Tobacco consumption is the main identifiable risk to
cancer, contributing to the majority of
tumors in upper aerodigestive tissues. The psychoactive compound responsible for tobacco
addiction, nicotine and the potent
carcinogens present at high concentrations either in cigarette mainstream
smoke or in smokeless tobacco products, 4-(methylnitrosamino)-1-(3-pyridyl)-butanone (NNK) and
N-nitrosonornicotine (NNN) can be metabolized by CYP2A6. CYP2A6 is expressed in many aerodigestive tissues with high interindividual variability. The CYP2A6 gene is highly polymorphic and CYP2A6 alleles coding for
enzymes with altered expression or metabolic capacity produce alterations in
nicotine metabolism in vivo and seem to influence smoking behavior. These polymorphisms may change the rate of NNK and NNN activation and, therefore, may influence
cancer risk associated with tobacco consumption. However, to date only a few and inconclusive studies have addressed the risk that a given CYP2A6 polymorphism presents for the development of tobacco-related
tumors.

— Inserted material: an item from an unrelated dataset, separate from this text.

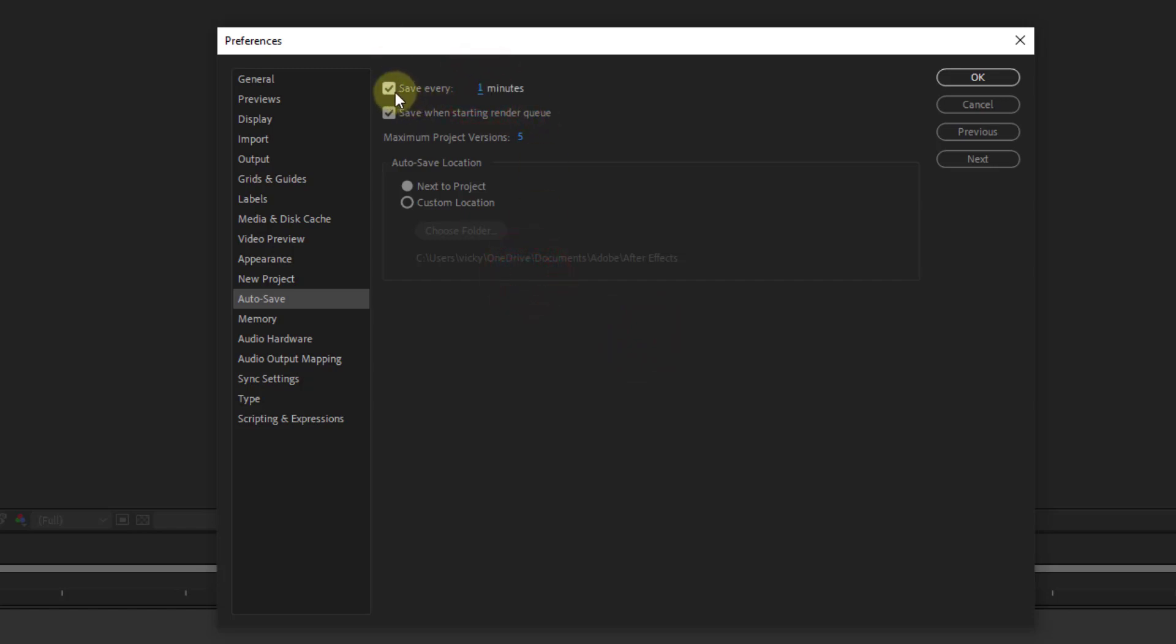Save every should be enabled. It should be enabled. Save when starting from running through - both should be enabled.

Most, but not all, show a reduced risk associated with alleles that result in decreased
enzyme activity. The overlapping substrate specificity and tissue expression between CYP2A6 and the highly similar CYP2A13 may add to the conflicting results observed. The intricate regulation of CYP2A6 and the variation of structurally different chemical compounds capable of inhibiting
CYP2A enzymes also add to the complexity. Finally, the interaction between polymorphisms of genes that code for CYP2A6, CYP2A13 and other potent
carcinogen-metabolizing CYP
enzymes may help to determine individuals that are at higher risk of developing
tumors associated with tobacco consumption.